START Data shown

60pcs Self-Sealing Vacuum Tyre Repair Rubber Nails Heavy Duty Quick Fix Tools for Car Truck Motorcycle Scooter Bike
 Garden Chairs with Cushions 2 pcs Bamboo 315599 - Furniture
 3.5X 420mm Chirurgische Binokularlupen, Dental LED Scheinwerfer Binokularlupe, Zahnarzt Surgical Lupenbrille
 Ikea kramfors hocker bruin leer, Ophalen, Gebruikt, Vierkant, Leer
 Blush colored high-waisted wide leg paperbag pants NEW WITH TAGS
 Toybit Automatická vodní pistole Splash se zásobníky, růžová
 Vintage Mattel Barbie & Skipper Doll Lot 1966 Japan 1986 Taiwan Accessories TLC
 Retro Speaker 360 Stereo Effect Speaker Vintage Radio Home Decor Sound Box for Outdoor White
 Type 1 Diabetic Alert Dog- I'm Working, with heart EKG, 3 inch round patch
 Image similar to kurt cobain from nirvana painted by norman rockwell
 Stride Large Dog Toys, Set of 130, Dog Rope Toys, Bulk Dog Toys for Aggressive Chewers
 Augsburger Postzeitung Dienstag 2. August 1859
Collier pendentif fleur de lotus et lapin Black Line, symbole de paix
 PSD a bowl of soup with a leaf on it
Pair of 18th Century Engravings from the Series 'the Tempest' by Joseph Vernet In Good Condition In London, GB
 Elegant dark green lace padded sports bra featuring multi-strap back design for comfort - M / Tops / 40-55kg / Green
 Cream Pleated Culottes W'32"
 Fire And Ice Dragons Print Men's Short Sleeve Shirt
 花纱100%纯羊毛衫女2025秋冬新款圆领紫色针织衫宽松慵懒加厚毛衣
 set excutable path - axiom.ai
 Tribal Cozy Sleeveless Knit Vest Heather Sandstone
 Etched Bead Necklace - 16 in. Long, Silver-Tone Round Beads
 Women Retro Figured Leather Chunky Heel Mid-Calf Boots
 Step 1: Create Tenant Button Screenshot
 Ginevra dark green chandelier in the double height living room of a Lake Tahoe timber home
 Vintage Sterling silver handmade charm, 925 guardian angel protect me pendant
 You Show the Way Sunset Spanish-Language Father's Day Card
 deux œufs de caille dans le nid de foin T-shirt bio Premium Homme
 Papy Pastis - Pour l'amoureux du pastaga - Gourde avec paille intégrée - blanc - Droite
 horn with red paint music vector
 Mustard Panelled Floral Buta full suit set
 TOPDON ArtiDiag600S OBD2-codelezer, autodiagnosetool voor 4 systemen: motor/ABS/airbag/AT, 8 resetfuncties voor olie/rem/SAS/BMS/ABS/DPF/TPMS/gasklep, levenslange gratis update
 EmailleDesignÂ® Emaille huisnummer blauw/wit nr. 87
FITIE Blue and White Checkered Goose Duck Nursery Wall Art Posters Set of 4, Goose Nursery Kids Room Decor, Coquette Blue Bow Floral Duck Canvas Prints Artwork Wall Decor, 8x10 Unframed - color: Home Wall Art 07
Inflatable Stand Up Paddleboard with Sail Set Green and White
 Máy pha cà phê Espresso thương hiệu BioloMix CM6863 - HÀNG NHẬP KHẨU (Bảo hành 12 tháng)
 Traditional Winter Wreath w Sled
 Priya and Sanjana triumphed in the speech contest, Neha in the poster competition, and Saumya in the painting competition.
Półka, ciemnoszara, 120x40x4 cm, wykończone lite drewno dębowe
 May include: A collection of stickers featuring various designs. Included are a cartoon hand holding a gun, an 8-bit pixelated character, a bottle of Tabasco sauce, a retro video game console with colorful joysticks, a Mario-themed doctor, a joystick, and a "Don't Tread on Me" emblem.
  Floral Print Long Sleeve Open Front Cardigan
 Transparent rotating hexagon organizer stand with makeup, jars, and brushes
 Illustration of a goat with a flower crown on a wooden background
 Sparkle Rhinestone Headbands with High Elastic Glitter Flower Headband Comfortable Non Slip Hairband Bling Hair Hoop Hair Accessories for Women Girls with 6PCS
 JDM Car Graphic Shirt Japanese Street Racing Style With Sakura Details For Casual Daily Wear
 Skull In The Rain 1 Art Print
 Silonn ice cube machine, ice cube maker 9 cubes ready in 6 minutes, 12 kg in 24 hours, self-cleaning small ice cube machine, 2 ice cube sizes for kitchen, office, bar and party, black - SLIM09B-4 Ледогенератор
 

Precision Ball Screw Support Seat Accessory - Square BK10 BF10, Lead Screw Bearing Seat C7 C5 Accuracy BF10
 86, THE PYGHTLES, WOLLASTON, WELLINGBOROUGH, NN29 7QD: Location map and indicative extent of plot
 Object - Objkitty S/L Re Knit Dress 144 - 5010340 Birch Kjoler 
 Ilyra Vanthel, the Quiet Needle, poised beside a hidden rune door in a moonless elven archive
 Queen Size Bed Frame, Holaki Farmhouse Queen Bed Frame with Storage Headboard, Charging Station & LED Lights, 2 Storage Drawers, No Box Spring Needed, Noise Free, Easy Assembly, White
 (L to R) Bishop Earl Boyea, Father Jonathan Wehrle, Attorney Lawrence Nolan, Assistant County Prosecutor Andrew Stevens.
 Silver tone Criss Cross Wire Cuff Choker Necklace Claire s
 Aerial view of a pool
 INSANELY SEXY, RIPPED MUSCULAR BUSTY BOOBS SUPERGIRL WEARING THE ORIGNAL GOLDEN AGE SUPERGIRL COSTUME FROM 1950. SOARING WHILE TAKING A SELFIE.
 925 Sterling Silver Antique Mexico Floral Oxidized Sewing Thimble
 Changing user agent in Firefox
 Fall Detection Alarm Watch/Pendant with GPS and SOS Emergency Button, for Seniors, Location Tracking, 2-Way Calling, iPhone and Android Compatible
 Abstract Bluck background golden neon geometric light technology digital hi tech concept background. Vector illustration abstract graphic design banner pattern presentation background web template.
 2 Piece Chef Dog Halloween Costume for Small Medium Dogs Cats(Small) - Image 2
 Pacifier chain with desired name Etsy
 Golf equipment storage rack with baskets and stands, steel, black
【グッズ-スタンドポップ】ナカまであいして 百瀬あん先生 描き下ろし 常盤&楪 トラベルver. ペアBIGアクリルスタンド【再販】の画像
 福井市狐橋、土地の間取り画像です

END Data shown

Prompt
Within the entries, find all lines holding "Father" and copy each one.

Written solution
 You Show the Way Sunset Spanish-Language Father's Day Card
 (L to R) Bishop Earl Boyea, Father Jonathan Wehrle, Attorney Lawrence Nolan, Assistant County Prosecutor Andrew Stevens.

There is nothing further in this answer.